La differenza, però, sta nel fatto che il progresso tecnologico negli anni passati ha reso il mondo un luogo migliore, dove sì alcuni posti di lavori scomparivano, ma per fare posto a nuove e migliori opportunità di impiego, tipiche di una società più ricca dove gli abitanti chiedono sempre maggiori quantità di beni e servizi. E’ infatti vero che cent’anni fa in America un lavoratore su tre era impiegato in una fattoria, mentre oggi il settore produce più cibo con meno del 2 per cento di addetti, tuttavia i milioni di lavoratori liberati dai campi non sono andati a ingrossare le fila dei disoccupati, ma sono riusciti, invece, a trovare lavori meglio retribuiti.
A rischio il 47% dei posti di lavoro
Nell’attuale contesto, però, forse qualche timore è giustificato.
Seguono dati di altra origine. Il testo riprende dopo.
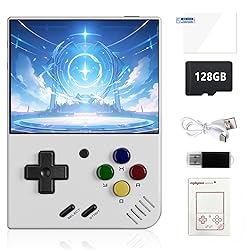 Miyoo Mini Plus Retro Game Console,3.5 Inch IPS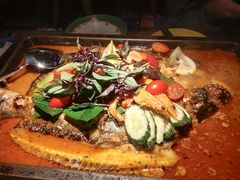 -探鱼·鲜青椒爽麻烤鱼(广州欣荣广场店)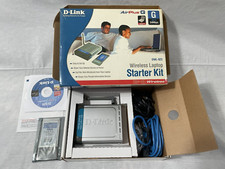 D Link wireless laptop starter kit# DWL- 923 802/ wireless router, 11g/2.4Ghz  picture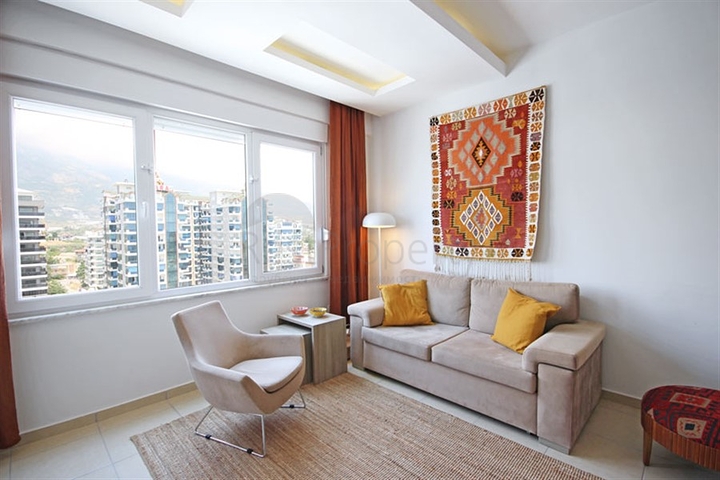 Spacious penthouse in Mahmutlar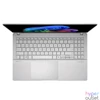 Kép 2/8 - ASUS Vivobook S15 S5507QA-MA001W 15,6"2,8K/Snapdragon X Elite 12 Mag/32GB/1TB/Int.VGA/Win11/ezüst laptop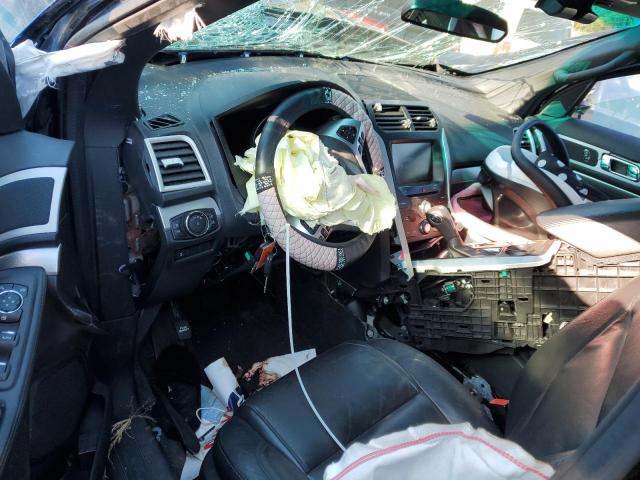 1FM5K7D84EGC10510 - 2014 FORD EXPLORER XLT 黑色 照片 8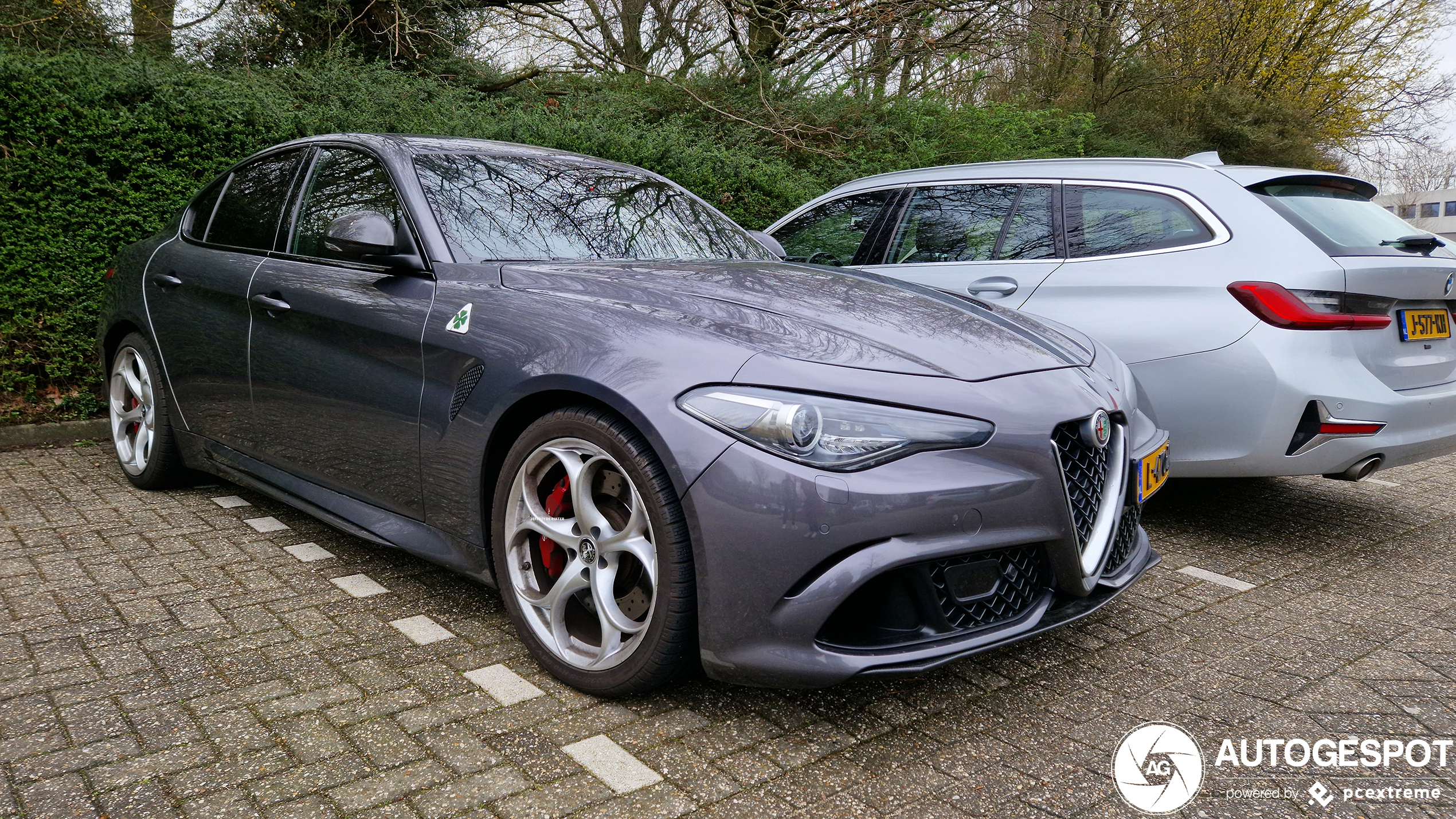 Alfa Romeo Giulia Quadrifoglio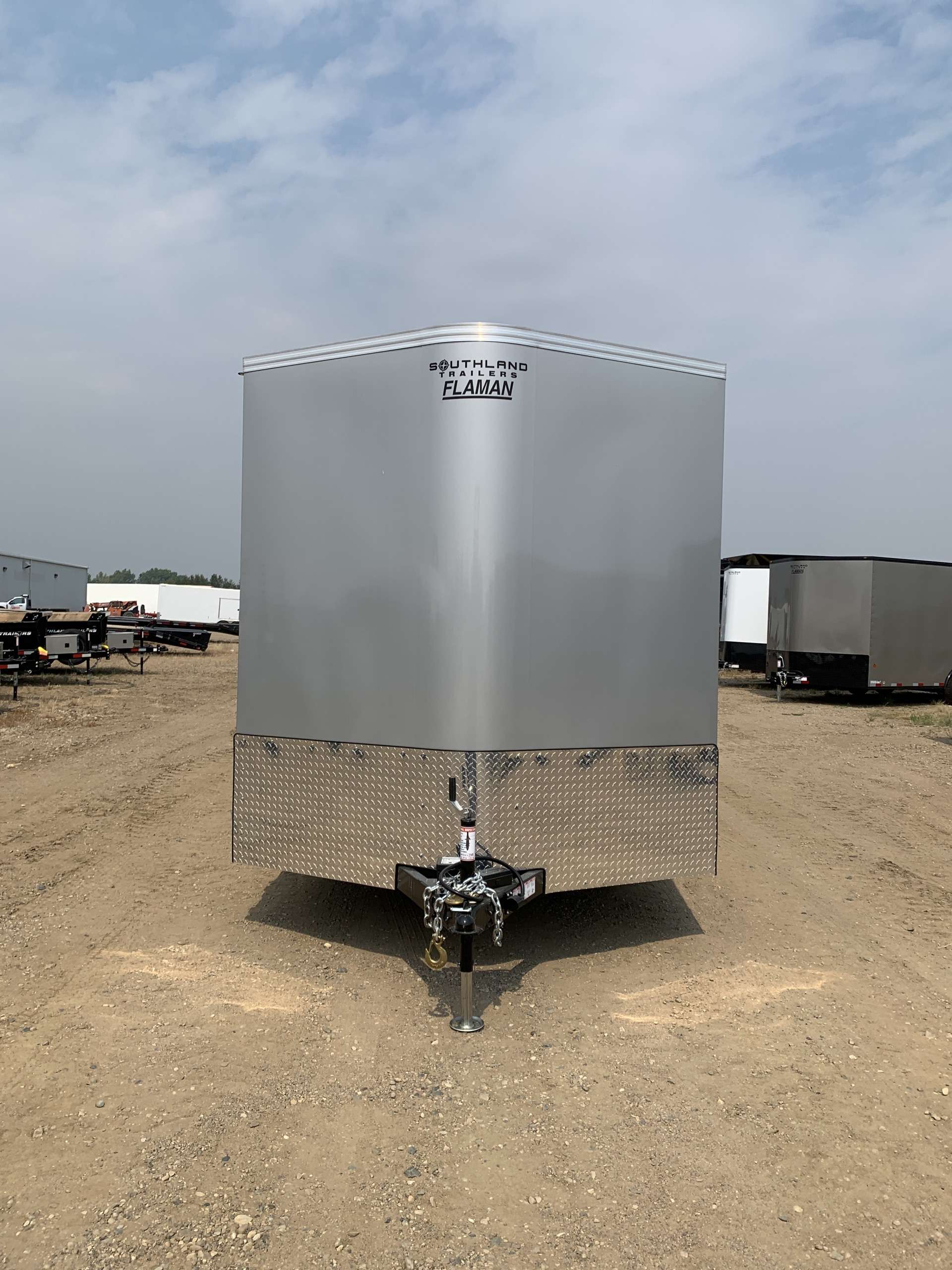 2026 Royal LCH 7'6" x 16' + V-Nose Cargo Trailer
Secondo l’Economist, infatti, l’impatto della tecnologia sull’occupazione avrà gli stessi effetti di un tornado, che colpirà prima le economie industrializzare per poi allargarsi anche verso i Paesi più poveri. E nessun Governo è preparato a questo. La storia, da questo punto di vista, sembra destinata a ripetersi: come nella prima fase della rivoluzione industriale, infatti, la prosperità scatenata dalla rivoluzione digitale è andata in gran parte ai proprietari del capitale e ai lavoratori altamente qualificati. I numeri lo dimostrano: negli ultimi tre decenni la percentuale di incidenza del lavoro sulla produzione globale si è ridotta, passando dal 64 per cento fino al 59 per cento. La disoccupazione ha raggiunto livelli allarmanti in gran parte del mondo industrializzato, e se finora i lavori più vulnerabili sono stati quelli ripetitivi, le innovazioni tecnologiche già nei prossimi anni potrebbero intaccare anche professioni maggiormente qualificate. Un recente studio dell’Università di Oxford suggerisce addirittura che il 47 per cento dei posti di lavoro possa essere automatizzato nei prossimi due decenni.
Un’analisi che fa riflettere, dunque, perché in uno scenario così delineato a rischiare maggiormente sono i lavori più in basso nelle attuali scale professionali (logistica e trasporto merci), mentre le competenze meno vulnerabili all’automazione saranno quelle legate alla creatività e alle competenze manageriali. Una situazione destinata a far crescere la già imponente rabbia verso le disuguaglianze, e che la classe politica farà molta fatica a gestire.